I get what these moms are thinking, “they can sleep when they go back to their apartment or dorms. They can rest then, now is my time, time to visit with me.”
I just don’t agree. When my kids come home to sleep I know it’s because here they can fully relax. When they don’t make it all the way through the evening movie I know it’s because they don’t feel the need to entertain their friends with constant conversation and can instead be comfortable in the silence. When they sleep late in the mornings it’s because they’re back in their childhood bed in the room that carries so many good memories. They know when they wake I’ll be there with coffee and food and for even just a weekend they can be a kid again.

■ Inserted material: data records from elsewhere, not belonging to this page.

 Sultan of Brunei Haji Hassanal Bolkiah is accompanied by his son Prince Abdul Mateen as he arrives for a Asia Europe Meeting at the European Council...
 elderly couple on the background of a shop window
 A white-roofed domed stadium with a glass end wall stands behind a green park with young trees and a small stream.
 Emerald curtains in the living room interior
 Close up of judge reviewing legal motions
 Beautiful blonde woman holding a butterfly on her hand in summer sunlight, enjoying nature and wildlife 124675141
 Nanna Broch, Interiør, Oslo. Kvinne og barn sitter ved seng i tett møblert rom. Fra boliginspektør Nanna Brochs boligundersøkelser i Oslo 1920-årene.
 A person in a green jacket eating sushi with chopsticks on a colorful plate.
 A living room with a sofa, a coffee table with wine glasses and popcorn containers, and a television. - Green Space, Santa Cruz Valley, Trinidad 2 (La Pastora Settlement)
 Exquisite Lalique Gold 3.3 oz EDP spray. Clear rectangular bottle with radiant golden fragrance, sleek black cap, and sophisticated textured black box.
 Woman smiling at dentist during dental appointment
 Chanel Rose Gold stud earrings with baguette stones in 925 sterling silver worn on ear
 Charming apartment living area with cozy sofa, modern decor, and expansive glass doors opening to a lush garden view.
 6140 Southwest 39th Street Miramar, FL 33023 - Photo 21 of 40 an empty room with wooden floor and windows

I may not be the norm and I’m sure it’ll be said that I’m spoiling them. I am and I’m totally ok with that because life isn’t always fun and adulting can be some seriously stupid stuff.
Do you remember those times when you were up all night with a crying infant or sick kid? Do you remember how it felt on those rare mornings to hear the sound of your husband getting up and quietly shutting the bedroom door so you can get just a bit more sleep? Hearing that door close, knowing he was giving me the gift of uninterrupted rest gave me such a feeling of being loved, respected and cared for. I knew he realized what I needed and loved me enough to honor me in such a way. If I can give my kids a weekend of that feeling, a feeling of being a kid again, a night of restful sleep, an environment where they can completely let go and relax, then I’m glad our home can be that place for them.
I had two of the three home this weekend and I loved every second of it (missed the third so much), even when they were behind their closed door asleep. They’re all back to their own places now, spread out across two states but I hope that they never forget that they can always come home to sleep.